Supongo que para él es tan fácil como dejar de jugar a una cosa y comenzar con
otra distinta, total, el mundo, todo, está a sus
pies.
Un no,
de esos que se clavan donde mas duele. Elijan ustedes. Que te seca la boca y
te hace sentir por un momento, una auténtica
mierda.
Para él
no es importante, de hecho, incluso pensará que debo ser un completo imbécil por
creer que podríamos compartir uno de esos momentos que, por desgracia, solo
están en la mente de los padres, jamás en la de lo
hijos.
Pero
claro, en estas cosas sólo hay uno que sabe cuánto duele y lo sabe, porque ahora
le toca a uno.

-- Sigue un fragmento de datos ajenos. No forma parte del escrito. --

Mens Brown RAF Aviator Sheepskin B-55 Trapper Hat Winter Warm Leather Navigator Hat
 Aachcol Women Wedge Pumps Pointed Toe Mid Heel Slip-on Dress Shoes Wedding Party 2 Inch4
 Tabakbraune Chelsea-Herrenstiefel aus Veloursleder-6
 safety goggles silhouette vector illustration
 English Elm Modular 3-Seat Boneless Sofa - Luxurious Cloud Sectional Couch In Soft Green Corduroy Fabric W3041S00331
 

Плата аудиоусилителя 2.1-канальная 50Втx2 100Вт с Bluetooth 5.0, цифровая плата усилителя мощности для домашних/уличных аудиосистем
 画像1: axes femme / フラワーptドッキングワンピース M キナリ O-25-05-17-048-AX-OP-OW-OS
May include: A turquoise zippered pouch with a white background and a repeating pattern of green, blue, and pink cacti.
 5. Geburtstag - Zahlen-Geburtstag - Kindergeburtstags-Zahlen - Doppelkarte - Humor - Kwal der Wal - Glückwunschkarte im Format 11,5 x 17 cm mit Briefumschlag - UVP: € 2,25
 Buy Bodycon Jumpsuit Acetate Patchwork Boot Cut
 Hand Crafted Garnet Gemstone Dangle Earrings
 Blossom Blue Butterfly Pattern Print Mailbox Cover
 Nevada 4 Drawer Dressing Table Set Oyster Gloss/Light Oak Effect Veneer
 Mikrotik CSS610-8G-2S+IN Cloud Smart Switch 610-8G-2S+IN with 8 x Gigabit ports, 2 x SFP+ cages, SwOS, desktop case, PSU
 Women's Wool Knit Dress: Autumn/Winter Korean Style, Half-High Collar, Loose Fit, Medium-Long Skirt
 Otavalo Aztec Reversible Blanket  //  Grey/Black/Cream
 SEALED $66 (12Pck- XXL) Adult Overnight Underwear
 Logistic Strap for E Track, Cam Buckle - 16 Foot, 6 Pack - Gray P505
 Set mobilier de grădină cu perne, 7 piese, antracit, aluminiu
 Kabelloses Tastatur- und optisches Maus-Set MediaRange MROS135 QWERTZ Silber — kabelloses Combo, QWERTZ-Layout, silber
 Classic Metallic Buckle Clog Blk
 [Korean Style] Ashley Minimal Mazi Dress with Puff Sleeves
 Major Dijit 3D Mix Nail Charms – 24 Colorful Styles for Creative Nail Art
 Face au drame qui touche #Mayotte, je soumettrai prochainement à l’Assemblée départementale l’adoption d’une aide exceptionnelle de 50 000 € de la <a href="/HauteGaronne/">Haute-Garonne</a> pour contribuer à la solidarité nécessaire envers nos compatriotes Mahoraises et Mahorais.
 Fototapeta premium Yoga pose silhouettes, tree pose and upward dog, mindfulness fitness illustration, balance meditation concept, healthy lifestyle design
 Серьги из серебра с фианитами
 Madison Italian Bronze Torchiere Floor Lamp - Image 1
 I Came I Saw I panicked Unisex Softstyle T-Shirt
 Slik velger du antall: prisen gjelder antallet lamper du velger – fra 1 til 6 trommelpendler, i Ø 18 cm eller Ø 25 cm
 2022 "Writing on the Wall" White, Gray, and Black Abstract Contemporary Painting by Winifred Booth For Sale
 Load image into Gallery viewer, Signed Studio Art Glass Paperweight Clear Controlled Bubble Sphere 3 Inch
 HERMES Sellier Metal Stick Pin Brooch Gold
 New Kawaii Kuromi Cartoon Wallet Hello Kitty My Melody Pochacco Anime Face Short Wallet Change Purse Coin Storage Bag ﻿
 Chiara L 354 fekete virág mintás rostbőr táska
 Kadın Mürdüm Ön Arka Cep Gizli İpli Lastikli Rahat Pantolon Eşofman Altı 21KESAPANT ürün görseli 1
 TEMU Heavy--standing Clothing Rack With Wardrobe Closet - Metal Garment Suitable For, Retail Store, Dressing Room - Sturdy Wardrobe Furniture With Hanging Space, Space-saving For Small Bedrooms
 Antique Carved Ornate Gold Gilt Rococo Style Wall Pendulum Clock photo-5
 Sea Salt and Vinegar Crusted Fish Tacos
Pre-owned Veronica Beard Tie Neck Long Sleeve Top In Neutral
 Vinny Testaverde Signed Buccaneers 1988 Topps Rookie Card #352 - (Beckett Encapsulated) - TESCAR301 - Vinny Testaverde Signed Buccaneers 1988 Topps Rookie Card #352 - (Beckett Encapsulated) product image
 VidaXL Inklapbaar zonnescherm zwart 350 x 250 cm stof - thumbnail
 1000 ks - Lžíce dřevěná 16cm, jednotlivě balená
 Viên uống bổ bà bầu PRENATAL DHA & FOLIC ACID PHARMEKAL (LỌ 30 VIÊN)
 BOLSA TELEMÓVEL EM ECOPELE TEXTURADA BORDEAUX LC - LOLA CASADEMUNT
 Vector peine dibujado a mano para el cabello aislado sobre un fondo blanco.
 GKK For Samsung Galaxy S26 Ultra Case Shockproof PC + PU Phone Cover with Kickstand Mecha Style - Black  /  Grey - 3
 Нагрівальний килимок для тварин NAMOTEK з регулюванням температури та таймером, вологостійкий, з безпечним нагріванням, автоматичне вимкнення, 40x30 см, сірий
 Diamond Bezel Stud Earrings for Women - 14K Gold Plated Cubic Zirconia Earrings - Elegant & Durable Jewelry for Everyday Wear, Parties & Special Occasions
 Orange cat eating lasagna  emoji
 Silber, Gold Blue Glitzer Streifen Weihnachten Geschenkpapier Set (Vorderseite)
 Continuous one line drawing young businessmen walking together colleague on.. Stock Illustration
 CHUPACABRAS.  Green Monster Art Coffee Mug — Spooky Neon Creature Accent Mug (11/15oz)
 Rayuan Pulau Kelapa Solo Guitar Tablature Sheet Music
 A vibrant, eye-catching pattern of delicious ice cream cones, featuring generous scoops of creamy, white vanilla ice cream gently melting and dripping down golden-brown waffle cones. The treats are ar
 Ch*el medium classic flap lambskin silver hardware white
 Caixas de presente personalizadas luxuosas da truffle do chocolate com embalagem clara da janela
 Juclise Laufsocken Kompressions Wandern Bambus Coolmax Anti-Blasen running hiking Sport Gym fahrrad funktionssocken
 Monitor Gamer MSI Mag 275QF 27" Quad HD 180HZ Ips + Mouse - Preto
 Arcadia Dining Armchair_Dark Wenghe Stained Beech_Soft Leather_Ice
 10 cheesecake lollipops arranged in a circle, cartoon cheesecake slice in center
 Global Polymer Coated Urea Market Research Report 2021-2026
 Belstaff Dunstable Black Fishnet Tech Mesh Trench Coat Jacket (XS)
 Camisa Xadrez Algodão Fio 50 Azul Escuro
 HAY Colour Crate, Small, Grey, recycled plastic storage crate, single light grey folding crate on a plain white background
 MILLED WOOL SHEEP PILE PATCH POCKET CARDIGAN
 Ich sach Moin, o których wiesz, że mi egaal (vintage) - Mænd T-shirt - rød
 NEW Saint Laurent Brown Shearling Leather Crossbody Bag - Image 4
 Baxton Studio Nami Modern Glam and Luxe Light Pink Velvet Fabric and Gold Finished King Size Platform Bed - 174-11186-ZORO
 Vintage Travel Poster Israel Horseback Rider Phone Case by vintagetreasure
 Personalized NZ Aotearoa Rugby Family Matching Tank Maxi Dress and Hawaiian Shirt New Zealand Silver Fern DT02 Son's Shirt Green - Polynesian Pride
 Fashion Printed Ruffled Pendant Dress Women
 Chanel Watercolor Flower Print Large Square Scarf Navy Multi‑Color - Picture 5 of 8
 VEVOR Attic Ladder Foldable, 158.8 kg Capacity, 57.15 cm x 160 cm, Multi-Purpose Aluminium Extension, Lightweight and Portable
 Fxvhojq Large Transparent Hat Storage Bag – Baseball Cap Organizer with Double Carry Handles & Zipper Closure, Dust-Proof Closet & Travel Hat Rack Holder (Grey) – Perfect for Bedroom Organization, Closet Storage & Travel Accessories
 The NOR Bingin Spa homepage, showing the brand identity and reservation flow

El otro, el pequeño agresor, tardará algo más y con toda certeza,
cuando le toque a él yo ya no estaré aquí para que pueda mirarme a la cara y
pensar, solo pensar: mira viejo, lo siento, siento haberte dicho que no aquel
día.
Sé que
jamás lo hará, como seguramente yo tampoco voy a correr a buscar al mio para
decírselo porque igual a él ya no le importa, porque igual tampoco sabría
porque le estoy pidiendo perdón o de qué narices le hablo.
A él,
al mío, todas esas cosas ya le habrán cicatrizado y a mí, al pequeño cabrón de
entonces y al hombre de ahora, le gustaría pensar que no hay porque pedir
perdón, y ¿saben una cosa?, mejor así; el ser humano tiene la fea costumbre de
aplicarse bálsamos de conciencia sólo entonando un “lo siento”. Punto. Todo
olvidado.
Y no,
no debe ser así. Me tiene que doler como le dolió a él. Tanto como a mi hijo le
duelen mis “nos” continuos, constantes, más acertados pero por supuesto menos
certeros si de tirar a dar al corazón se trata.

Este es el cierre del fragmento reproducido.